Market makers would like to have access to models with the least amount of latency, possibly milliseconds, thereafter, exchanges would want prices on at least a minute-to-minute basis to assess the stability of the order book. Brokers and dealers of OTC derivatives would price derivatives on a minute to hourly basis. Next, central clearing parties need to reassess the option price on a daily basis to set forth margin variance requirements. Then somewhere between a daily to weekly basis, corporate treasurers and institutional investors would want to know the value of their options for risk management purposes, lastly regulators, revenue services, and shareholders will want to know the value of options on a quarterly to annual basis. These requirements are important to consider, because many machine learning models purely espouse improved speeds to the loss of accuracy.
In truth the speed advances that machine learning offers mostly lead to short-term pecuniary benefits for competing market makers. The adoption of machine learning would also ease the computational resource expenditure for other entities who might not need real-time valuation but are instead performing millions of different calculations per day.
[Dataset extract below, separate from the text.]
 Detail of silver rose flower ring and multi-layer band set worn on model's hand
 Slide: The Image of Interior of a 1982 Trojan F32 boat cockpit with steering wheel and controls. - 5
Whether for latency or computational reasons, machine learning has some role to play but at what expense. The three elephants in the room are accuracy, explainability, and robustness. The functional model is guaranteed to be less accurate and less robust than a parametric model but faster, whereas say the hybrid model is almost guaranteed to be more accurate than a parametric model but at the expense of comprehensibility. We will keep these questions in mind as we address their principal concerns in future sections.